High Availability with DRBD and Heartbeat (CRM)

December 16, 2008 by

One of the huge benefits of going with Open Source solutions is the ability to get Enterprise grade solutions for decidedly non Enterprise costs. We have a fairly typical Web site set up with two load balancers, 2 Apache/Tomcat servers and 2 Postgres database boxes. We wanted to be able to ensure that in the event of a  failure of any of those machines, we would be able to automatically recover and continue providing services.

Database

We have two machines, both with Postgres 8.1 installed on them (the latest version provided as part of CentOS 5.2). While apparently 8.3 can work in active/active mode, we decided to stick with 8.1 to reduce dependency hell with everything else on the machines and work with DRBD. Setup is incredibly simple – we created an /etc/drbd.conf file which had:

global {
  usage-count no;
}

common {
  protocol C;
}

resource r0 {
  device    /dev/drbd1;
  disk      /dev/LVMGroup/LVMVolume;
  meta-disk internal;

  on <node1> {
    address   <ip address1>:7789;
  }
  on <node2> {
    address   <ip address2>:7789;
  }
}

on both nodes and ran :

# drbdadm create-md r0  <-- on both nodes
# service drbd start    <-- on both nodes
# drbdadm -- --overwrite-data-of-peer primary r0  <-- on the primary node

This started DRBD and allowed the primary node to sync to the secondary. For more details about this (and heartbeat configuration below), have a look at this excellent CentOS HOWTO. Then we needed to configure heartbeat to manage the automatic failover for us. Create /etc/ha.d/ha.cf on both nodes to contain:

keepalive 2
deadtime 30
warntime 10
initdead 120
bcast   eth0
node    <node1 name as per uname -n>
node    <node2 name as per uname -n>
crm yes

The /etc/ha.d/authkeys on both nodes should contain:

auth 1
1 sha1 <passwd>

This will then result in a working heartbeat. Start the heartbeat service on both nodes and ywait a few minutes and the command crm_mon will show you a running cluster:

[root@<node1> ha.d]# crm_mon
Defaulting to one-shot mode
You need to have curses available at compile time to enable console mode

============
Last updated: Tue Dec 16 14:29:03 2008
Current DC: <node2> (33b76ea8-7368-442f-aef3-26916c567166)
2 Nodes configured.
0 Resources configured.
============

Node: <node2> (33b76ea8-7368-442f-aef3-26916c567166): online
Node: <node1> (bbccba14-0f40-4b1c-bc5d-8c03d9435a37): online

Then run hb_gui to configure the resources for heartbeat. The file that this gui configures is in /var/lib/heartbeat/crm and is defined via XML. While I would prefer to configure it manually, I haven’t worked out how to do that yet and the hb_gui tool is very easy to use.

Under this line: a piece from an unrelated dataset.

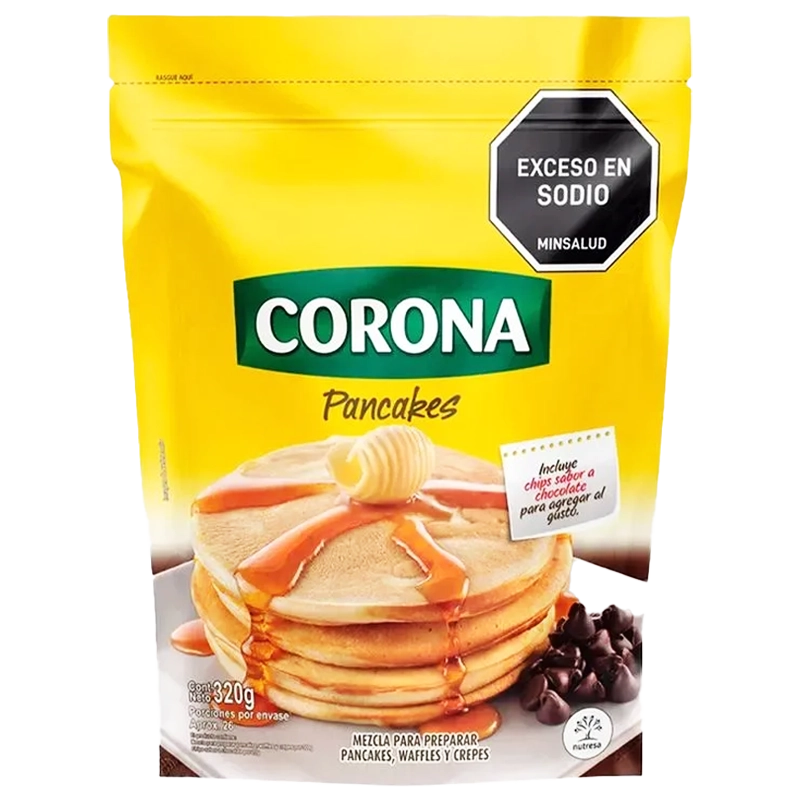 MEZCLA LISTA PANCAKES CORONA X 320 GR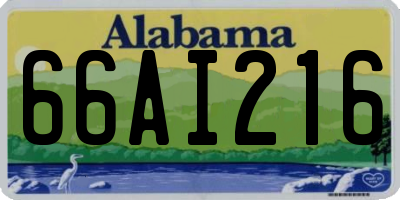 AL license plate 66AI216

Using that tool, you can create a resource group for the clustered services (click on Resources and Plus and select Group). Then within that group you need to configure 4 resources, a virtual IP address that can be used to communicate with the the primary node, a filesystem resource for the DRBD filesystem, drbddisk resource and a resource for postgres. To take each in turn:

  1. IP Address – click on plus and select Native, change the resource name to ip_<groupname>, select the group it should belong to, then select IPaddr from the list and click on Add Parameter. Then enter ip and a virtual ip address for the cluster. Add another parameter nic and select the interface for this to be configured against (i.e. eth0). Then click on OK.
  2. drbddisk resource – Same procedure, but this time select drbddisk  instead of ipaddr and select Add Parameter. Then enter 1 and the name of the drbd resource created (r0 in our case).
  3. filesystem – Same again, but select Filesystem and add the following parameters:
    1. device, /dev/drbd1 (in this example)
    2. directory, /var/lib/pgsql (for postgres)
    3. type, ext3 (or the filesystem you have created on it)
  4. postgres – Lastly add a postgres resource with no parameters.

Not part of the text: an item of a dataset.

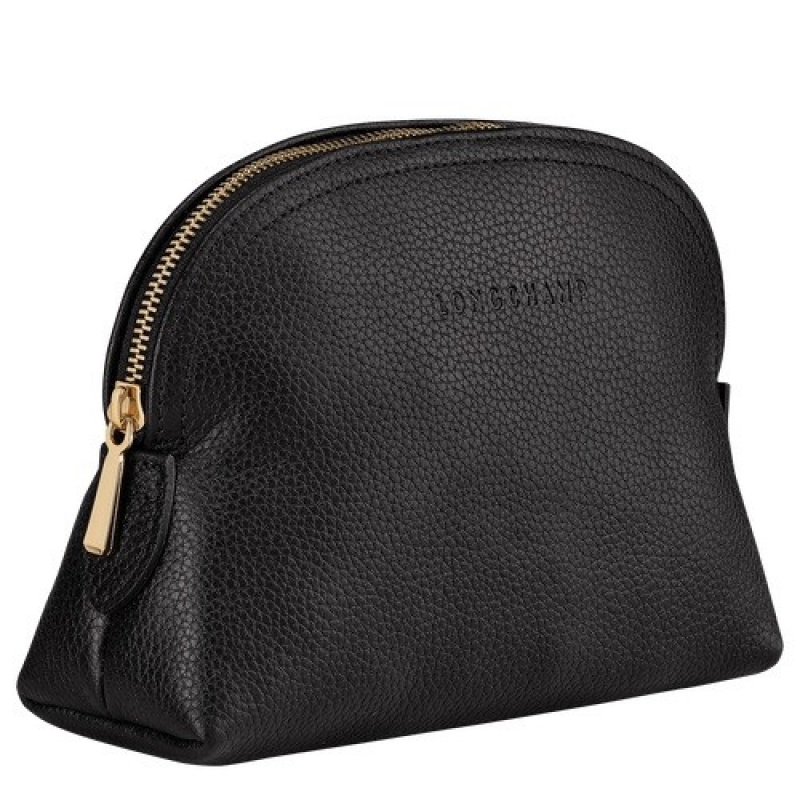 Black Longchamp Le Foulonné Pouch | SN-LCMP48412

Start the resource group and in a few minutes everything should be started on one of the nodes. To switch over the the other run service heartbeat stop on one and everything will migrate to the other. Good luck, you should now have an active/passive cluster for your database. This worked for us. Your mileage may vary, but any issues feel free to leave a comment and we’ll update this HOWTO.

Web

Creating the clustering for the Web was similarly easy. We kept the 2 web machines as they were with Apache and Tomcat running on both and instead clustered the load balancers initially in active/passive (until we can work out the active/active settings) in much the same way. The key difference was that for these machines we ran the load balancing software (HAProxy) on both all the time and the cluster just looked after the IP address. That way nothing was slowed down if the primary load balancer failed while waiting for services to start.

Cheers,

David

Advertisements

Managing Windows Domains

October 26, 2008 by

With the removal of Exchange and MS Office from the company we then wanted to look at the Domain Controllers. While a lot of Open Source systems have the ability to integrate into Active Directory, it always appeared to be a little complicated and fraught with problems. However, to get Single Sign On working, you need a single directory master. Zimbra includes OpenLDAP as one of it’s components, so we decided to bite the bullet and migrate the Windows desktops off the Windows Domain and onto a Samba domain instead. This would then give us a greatly reduced cost base as well as the ability to have the same username and password within Windows, Zimbra, RT etc etc.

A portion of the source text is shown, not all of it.